Hume: Let me ask you another question. Is it your view that a Vice President has the authority to declassify information?
Cheney: There is an executive order to that effect.
Hume: There is.
Cheney: Yes.
Hume: Have you done it?
Cheney: Well, I've certainly advocated declassification and participated in declassification decisions. The executive order –
Hume: You ever done it unilaterally?
Cheney: I don't want to get into that. There is an executive order that specifies who has classification authority, and obviously focuses first and foremost on the President, but also includes the Vice President.
Interesting indeed...especially since multiple reviews of the order he cites don't give him that authority. As we read at The Carpetbagger Report:
The VP has some fairly broad authority to classify materials, but the VP can't be his own declassification machine. Cheney wouldn't respond to the question yesterday about whether he has unilaterally exercised this power, but it's clear the VP was arguing that he could.
You'll recall Libby's statements that he had been authorized to share classified material? All of a sudden this matters big time.
Others commenting:
...has Cheney -- the de facto President the past 6 years, simply forgotten that he's actually second-in-command?
Transparent Grid should be read in full.
Because the Vice President does not appear to be the “originating authority,” Cheney did not seem to have the authority to declassify the NIE since the agency that classifies has the responsibility to determine whether to declassify for the public interest. In this case, the White House selectively disclosed portions of the NIE to make its case to make war on Iraq and there is no indication that the CIA or National Intelligence Council authorized its disclosure.
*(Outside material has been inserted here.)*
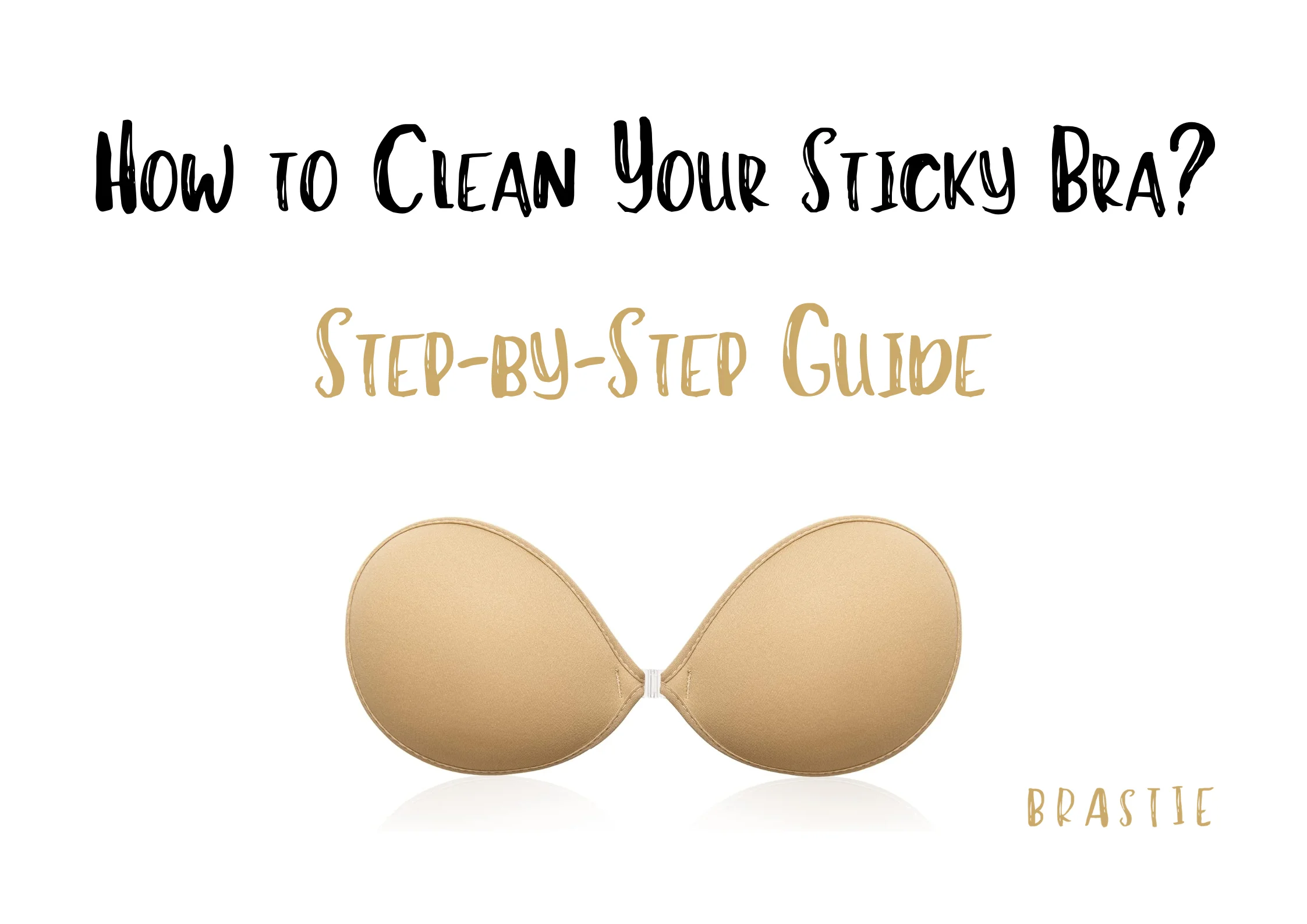 How to Clean Your Sticky Bra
The first print mention of Wilson's dissent from the White House line was in May 2003. So the time-line for a clear connection doesn't work. All we can say is that Cheney's new authority to leak classified information came at a time when the administration's claims about WMDs were beginning to look weak. Not long thereafter, Plame was outed.
It seems as if Cheney might not be free to declassify, on his own say-so, a National Intelligence Estimate so an aide can slip portions of it to a reporter to help the White House politically. But there is some ambiguity here. Which is why it might be useful for a congressional committee to examine the issue. But I'm not expecting any Republican committee chairman to invite Cheney to testify about this any time soon.